Jews, Christians, and Muslims have united, ushering in ten years of Van Halen.
Out in the crowd people are celebrating like never before.
[Guitar solo.]
&No doubt Israel is the happiest rockingest place to be.
- Hey, Kyle.
- Hey.
Kyle, there's peace in the middle east.
They're saying maybe it's going to lead to peace all over the world.
Everyone's really happy.
You should be too.
I am happy, Stan.
I'm thrilled.
Dude, we've been friends a long time.
Can you just tell me why you like Cartman's farts so much? I just do, Stan.
You like how they smell, how they taste?

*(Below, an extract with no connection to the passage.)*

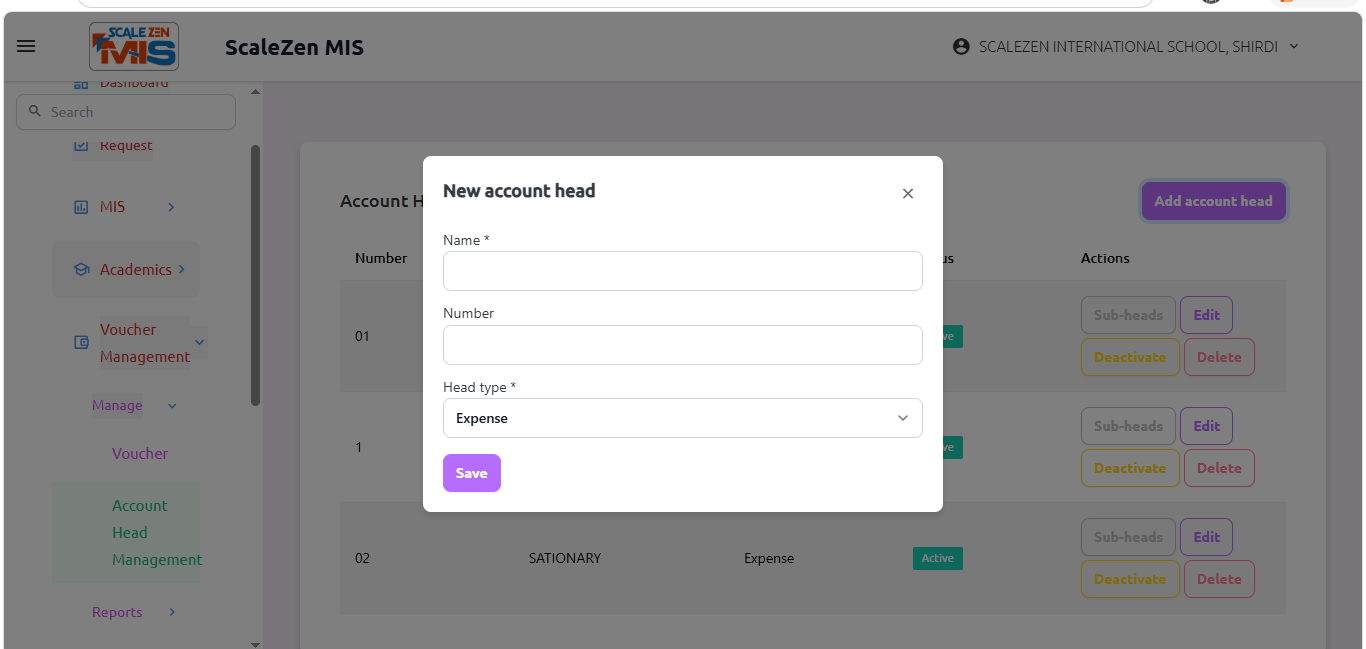 Account Head Management Screen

Yes.
- They're really that good? - Yes.
- Should I try them? - No! Yummy, yummy.
Yummy, yummy.
This is Cartman.
I have to take it.
Hello? Hey, I was just about to order some dinner.
What sounds better in your mouth tomorrow, Thai or Greek? - I don't care.
- I care, Kyle.
You should have a say in this.
They're your yummy farts.
- Should we go with Thai? - That's fine.
Kyle, maybe you should get some help.
Please, just leave it alone, Stan.
Everything is as it has to be.
I don't get it, Kenny.
Maybe he's like mentally ill or something.

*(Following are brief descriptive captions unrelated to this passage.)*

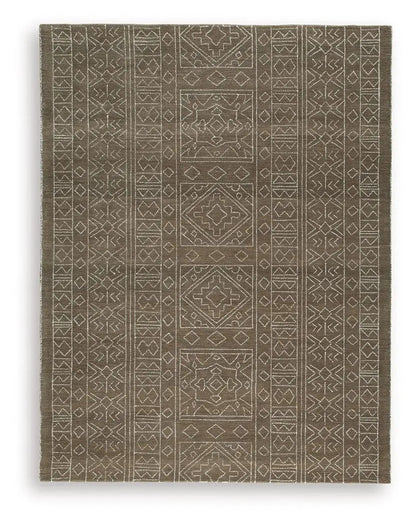Merrittman rug, brown geometric pattern, area rug by Unique Piece Furniture on Tampa Home & Garden Store
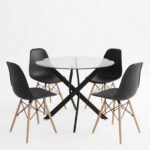 Dining room with Julita chairs black and Antoro table glass with black metal Φ80x75cm set 5pcs - Слика 2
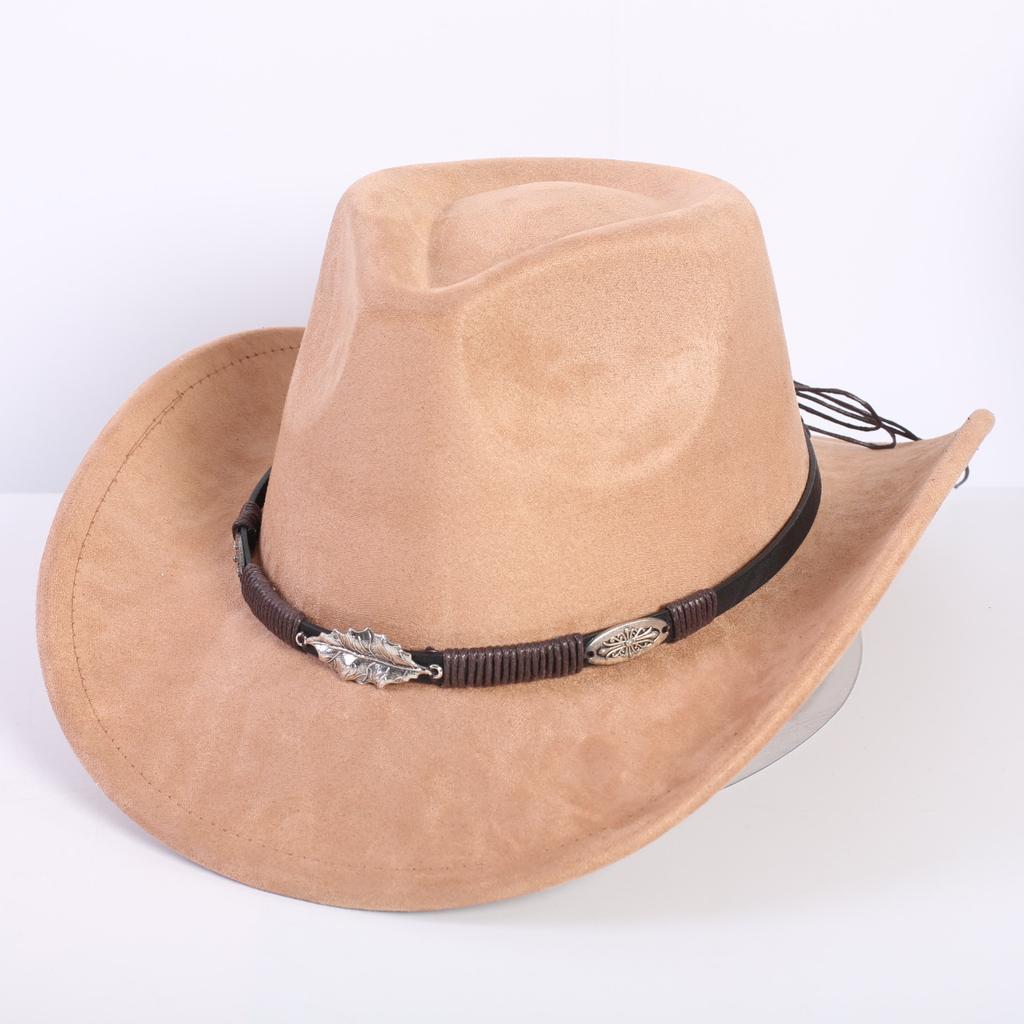 Popular European and American classic suede western cowboy hat men's and women's fashion LO style peach heart cowboy hat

Whatever it is, we got to figure it out.
I think all those farts are starting to go to Kyle's head.
No more.
No more.
Cartman, no! No more! [Grunting, muttering.]
[Triumphal music.]
[Commanding voice.]
Kyle Broflovski.
Huh? Who Who is that? Why do you endure all the farts, Kyle? Because the world is at peace.
I must endure.
What you are doing is the most awesome thing ever.
I I know.
Who else would take such torment? That's that's kinda what I was thinking.
[Surfer voice.]
You should like shave your head and get all peaceful about it.
Your sacrifice saves the world.
Yes.
I endure what I must for the sake of all humanity.

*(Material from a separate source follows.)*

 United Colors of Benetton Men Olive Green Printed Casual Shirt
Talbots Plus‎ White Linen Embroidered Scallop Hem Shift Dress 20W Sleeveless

? T-t-teacher, stop that screamin' ? Teacher, don't you see What can this reporter say except that Israel freaking rocks? Things just keep getting better here, Tom.
And in a few days, they'll be honoring the little boy who discovered the red cow here on stage, and things are gonna go off! You gonna come with me to Israel, Kyle? [Farting.]
Yes.
Yes, I will.
Huh? You coming? [Farting.]
Yes, whatever you want.
Okay, I want the whole world to see how much you love my farts.
Plane leaves tomorrow.
Kyle, don't do this.
Don't eat Cartman's farts in front of the whole world.
Just stop, please.
It's okay.
Everyone, it's okay.
Perhaps one day you will all understand.
What I do, I do because I care about each and every one of you.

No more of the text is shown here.